**DATA BLOCK**
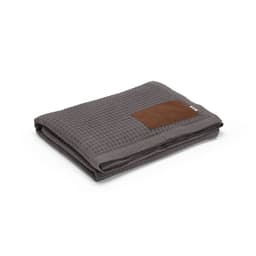 A grey blanket made of cotton with a customisable patch. It features a textured design and is folded neatly.
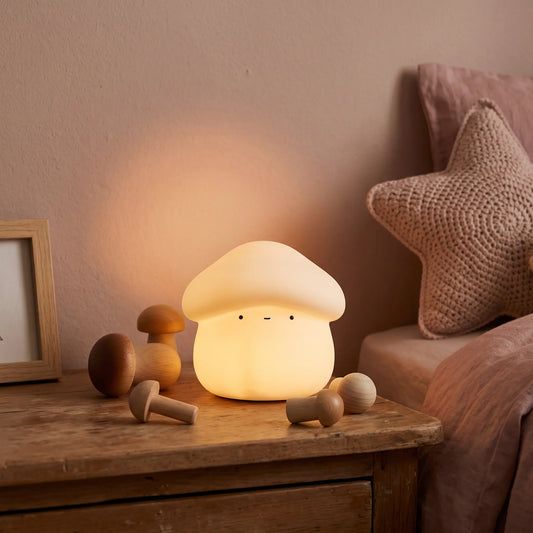 Veilleuse champignon en silicone Halume allumée sur une table de chevet dans une chambre d'enfant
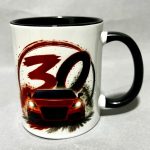 White mug with black interior/handle displaying a red sports car graphic and a bold red '30' brushstroke design on white ceramic.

**TASK STATEMENT**
While leaving pictures out, reproduce exactly the lines from the beginning of the listing above through the line containing "Veilleuse champignon en", both ends included.

**OUTPUT FOR THIS TASK**
 A grey blanket made of cotton with a customisable patch. It features a textured design and is folded neatly.
 Veilleuse champignon en silicone Halume allumée sur une table de chevet dans une chambre d'enfant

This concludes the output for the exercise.